Angels and devils are not common beliefs today. We might speak of angels whimsically as though reliving the fairy tales of our childhood. But devils are definitely not the stuff of acceptable conversation. Yet Scripture affirms their existence. Demons are said to be angels – pure spirits created separately from mankind – who have rebelled against God and now are given a span of time to scurry among the people of the earth, wreaking havoc where they can and undoing the good that is being done.

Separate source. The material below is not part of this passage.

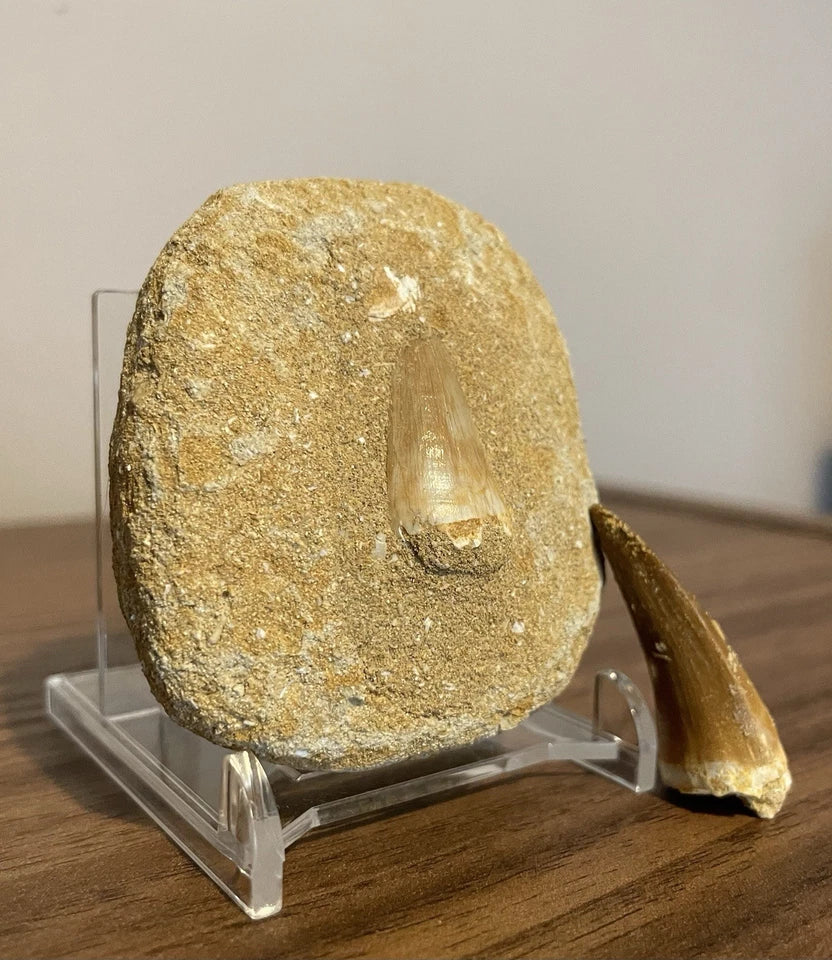 Mosasaur Tooth Bundle With Stand- Two Genuine Fossil Mosasaur Dinosaur Teeth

The good angels, however, are with us too, and we can call upon them. They are all around us, if welcome. And Confirmation – that affirmation of faith in Jesus Christ – welcomes them. These angels help us to be modern-day knights. They guide us on our journey on earth as we head to heaven. At times, I believe, they protect us from bodily harm. Dear friends of mine recently survived a rear-end collision, emerging from their totaled sedan shaken but, it turns out, having suffered only minor wounds. Angels were there, I am sure, as the drunk driver slammed into their car, stopped at a red light. Angels took some of the brunt of that crash.

So with ceremony and prayer and song, with ritual and the dance of the Eucharist, we re-affirm who we are, what we are, where we are going. We re-affirm to whom we belong, and with the company of the angelic host we are given our own wings to heaven. With the gifts of the Holy Ghost we are embraced by the Body of Christ.